Each grade encodes as 3 bits: 0 = unrated, 1 = A, 2 = B, 3 = C, 4 = D, 5 = F. With 5 tools × 8 dimensions = 40 grades × 3 bits = 120 bits, packed into 30 hexadecimal characters as ?rc=<30hex>. The URL is opaque-looking but stable — it survives copy-paste, supports any combination of unrated tools, and decodes deterministically. Add an optional grader name with &n=<hex-utf8>. Send the URL to a teammate; their browser reconstructs your exact grading, and they can edit it to add their own grades or counter-rate tools you skipped.
Are these grades supposed to be objective?
No. The whole point is that AI tool quality is workload-dependent and team-dependent. A tool that's A-grade for greenfield React work might be C-grade for legacy Rails refactoring. The Report Card is a structured way to share your specific experience — the value is the dimensional breakdown, not a universal ranking. If your team has 4 different report cards for the same tool, that's information about the workload diversity, not about which rater is wrong.
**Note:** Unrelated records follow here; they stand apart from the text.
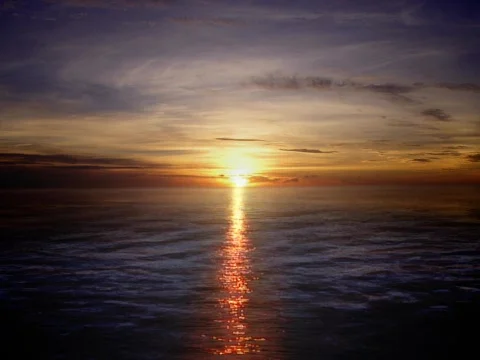 Sunset Swim Stock Footage 490170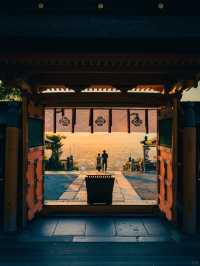 景點推薦：高良大社——欣賞日落與夜景的靜謐神社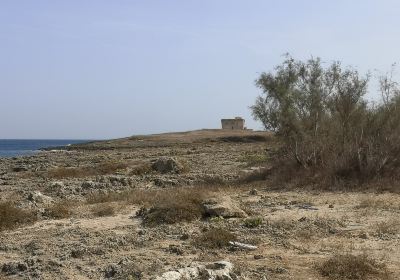 Torre Guaceto Meeresschutzgebiet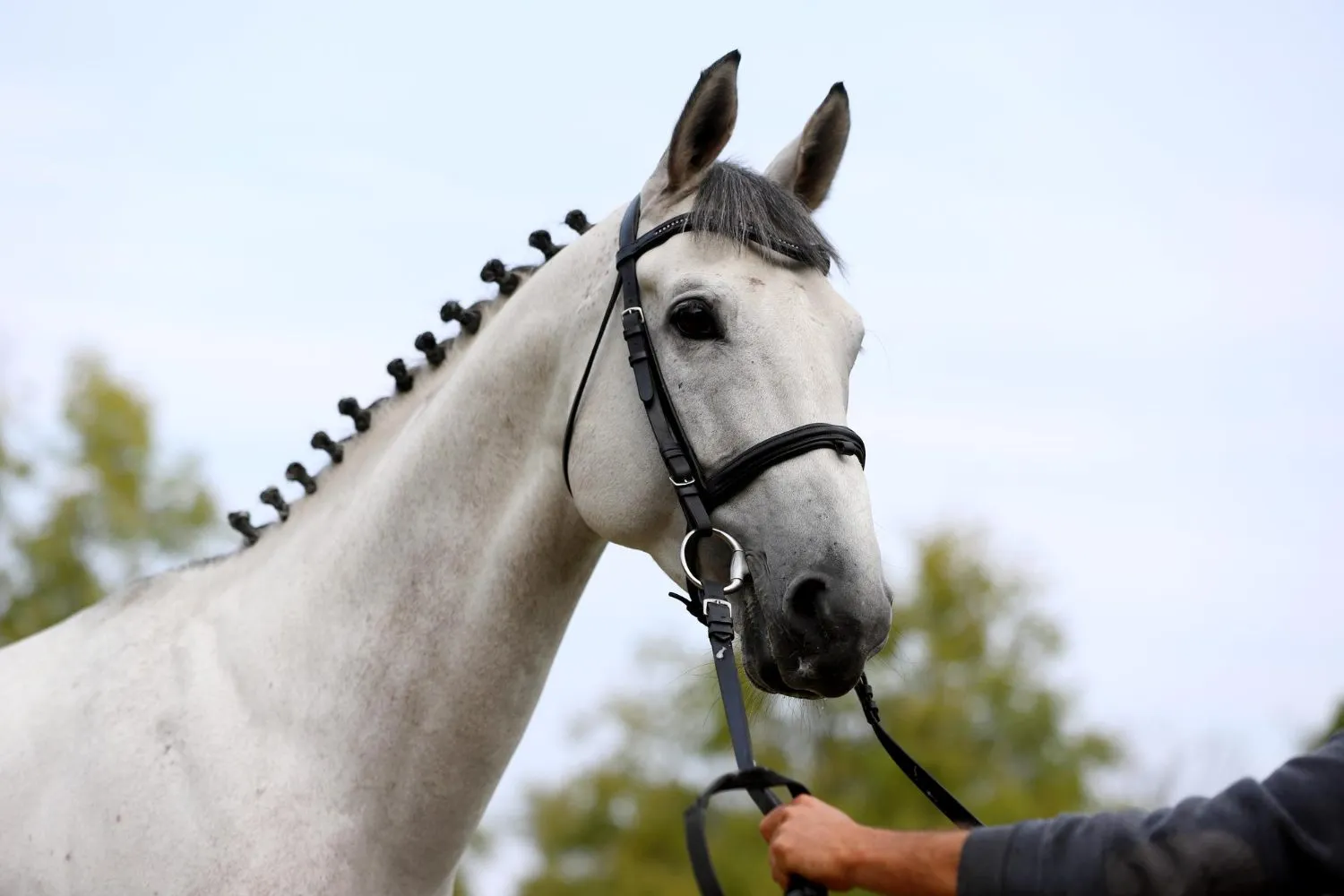 A gray show horse with a braided mane being led by its handler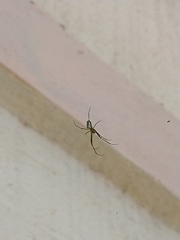 Leucauge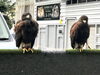 「鳩、ムクドリ追い払い」
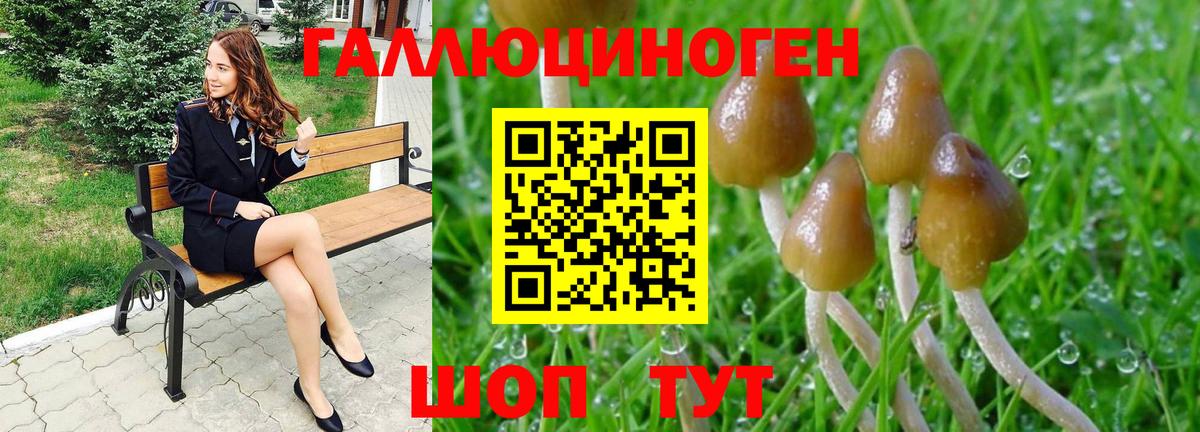 Галлюциногенные грибы MAGIC MUSHROOMS Первоуральск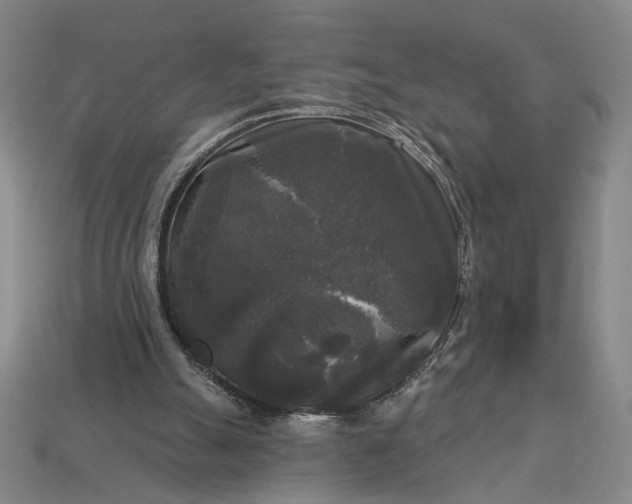 X0000112960055200909101641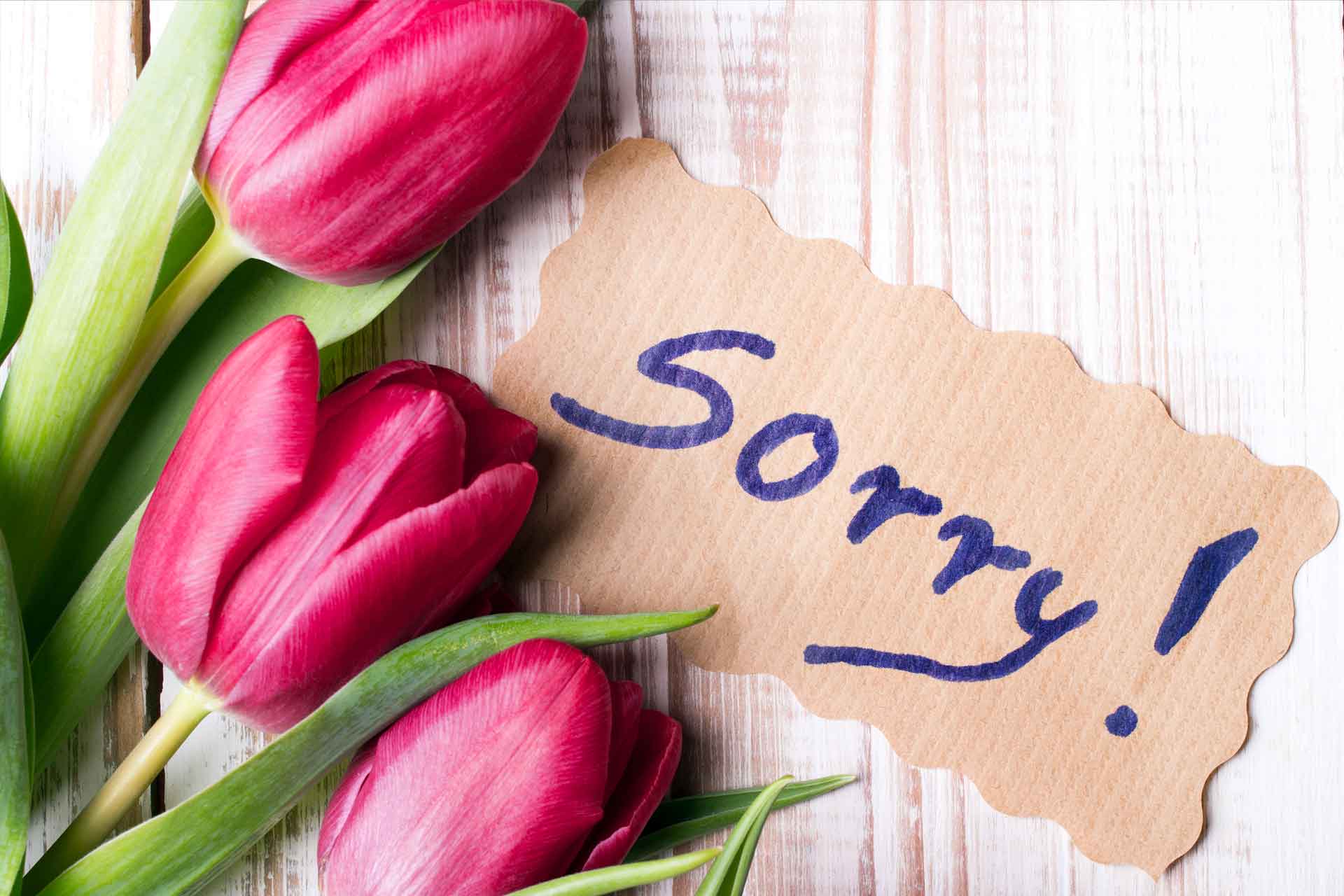 My Bad: The Misunderstood Apology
Compare URLs in your team chat and have the argument with structure instead of vibes.
Why no Cursor-specific tier breakdown (Tab vs Composer vs Agent)?
The Report Card grades the tool as a whole because most teams pick a tool and use the modes interchangeably; the friction of switching modes counts against the tool's ergonomic-friction grade. If you want to grade Cursor Tab and Cursor Composer separately you can — duplicate the share URL with one row blank and tag the URL with &n=cursor-tab vs &n=cursor-composer. The tool-decision-flowchart is the better surface if you want a workflow-by-workflow recommendation rather than per-tool grades.